Requirement: The response should repeat word for word every line below from the one with "To use the Browse" to the one with "The second way", inclusive, and nothing else; leave pictures out.

┌─ Material provided

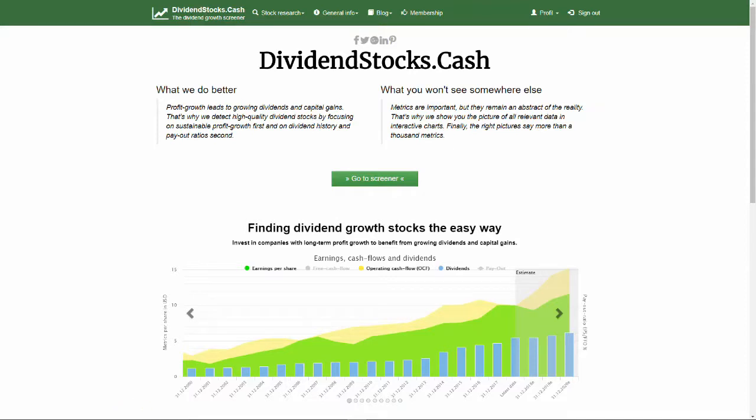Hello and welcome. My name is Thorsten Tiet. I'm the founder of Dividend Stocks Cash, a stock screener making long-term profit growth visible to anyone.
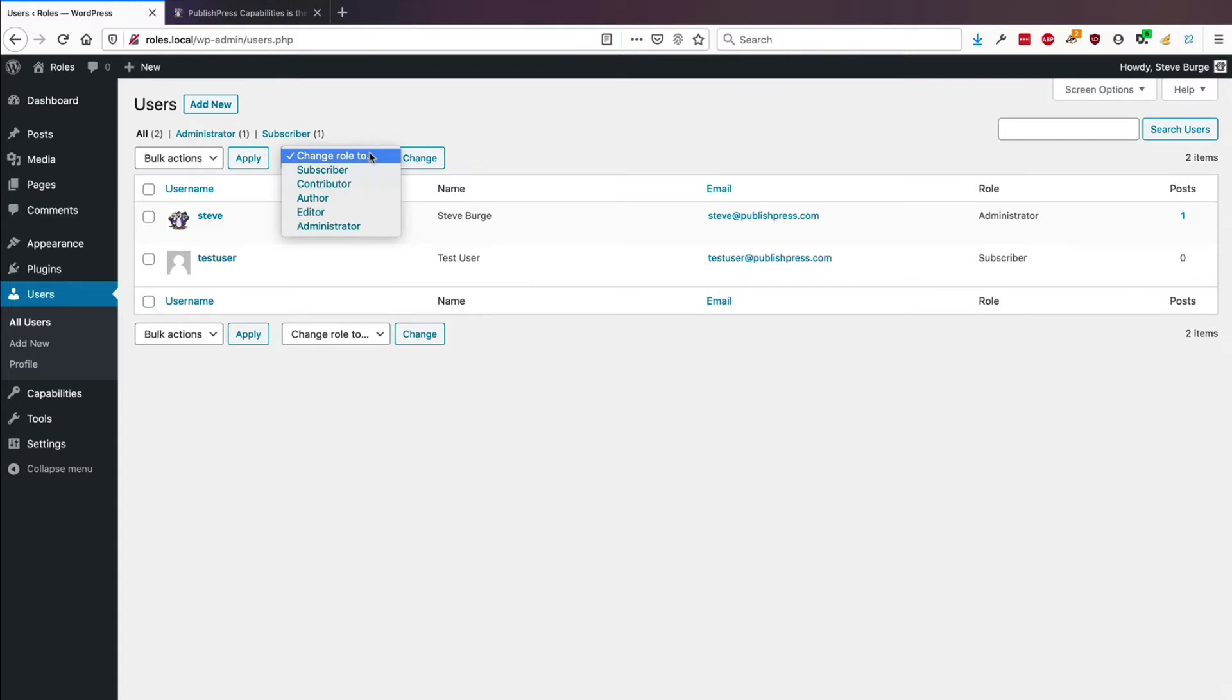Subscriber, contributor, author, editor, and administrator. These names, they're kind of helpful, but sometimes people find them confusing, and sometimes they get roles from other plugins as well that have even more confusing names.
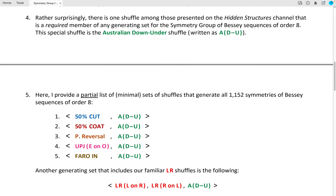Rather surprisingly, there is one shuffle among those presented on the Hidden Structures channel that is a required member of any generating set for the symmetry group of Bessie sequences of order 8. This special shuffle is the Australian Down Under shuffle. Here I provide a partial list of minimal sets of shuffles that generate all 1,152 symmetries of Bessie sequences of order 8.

└─
┌─ Material provided

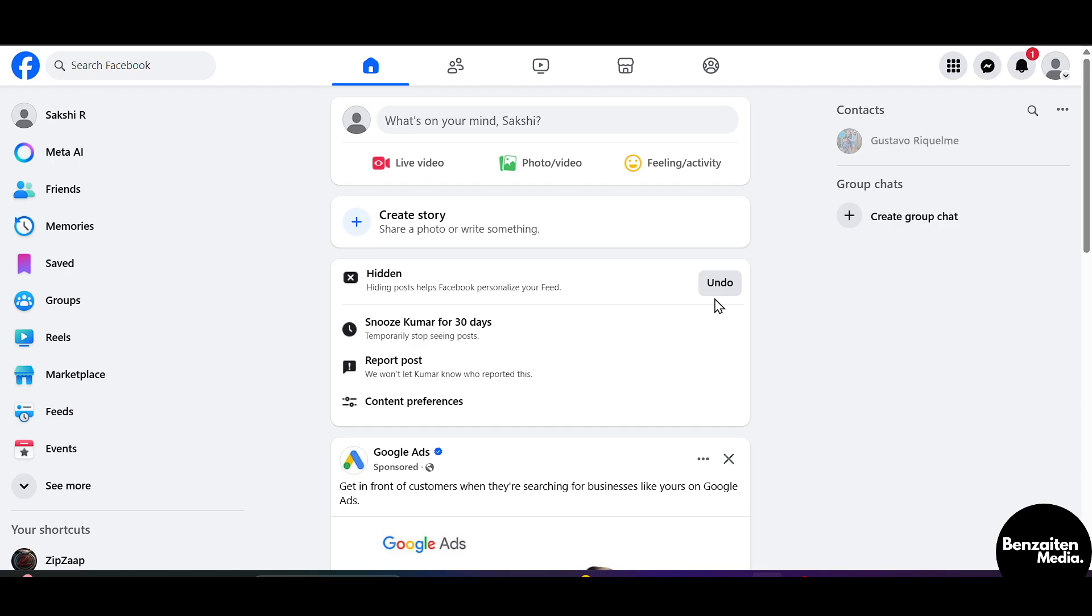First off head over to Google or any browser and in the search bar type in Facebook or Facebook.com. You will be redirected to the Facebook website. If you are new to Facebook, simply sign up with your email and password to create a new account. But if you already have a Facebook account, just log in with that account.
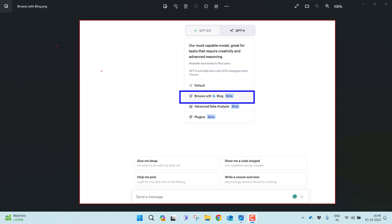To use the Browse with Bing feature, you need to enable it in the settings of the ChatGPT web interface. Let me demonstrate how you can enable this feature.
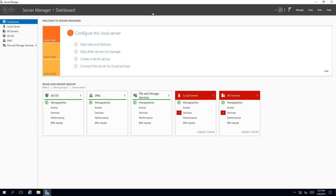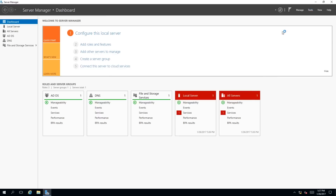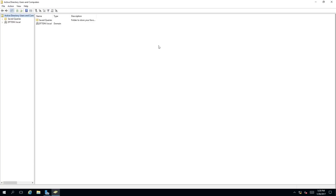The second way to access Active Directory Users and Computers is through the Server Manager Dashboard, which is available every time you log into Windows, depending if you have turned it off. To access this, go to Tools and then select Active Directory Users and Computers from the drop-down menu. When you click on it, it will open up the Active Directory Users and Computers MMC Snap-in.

└─
┌─ Material provided

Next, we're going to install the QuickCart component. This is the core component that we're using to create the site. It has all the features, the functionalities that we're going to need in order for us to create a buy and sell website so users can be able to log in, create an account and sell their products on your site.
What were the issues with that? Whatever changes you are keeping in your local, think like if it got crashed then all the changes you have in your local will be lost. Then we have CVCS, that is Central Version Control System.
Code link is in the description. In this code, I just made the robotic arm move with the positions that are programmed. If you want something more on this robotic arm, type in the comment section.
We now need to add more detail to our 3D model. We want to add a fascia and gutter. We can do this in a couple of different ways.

└─

Exercise result:
To use the Browse with Bing feature, you need to enable it in the settings of the ChatGPT web interface. Let me demonstrate how you can enable this feature.
The second way to access Active Directory Users and Computers is through the Server Manager Dashboard, which is available every time you log into Windows, depending if you have turned it off. To access this, go to Tools and then select Active Directory Users and Computers from the drop-down menu. When you click on it, it will open up the Active Directory Users and Computers MMC Snap-in.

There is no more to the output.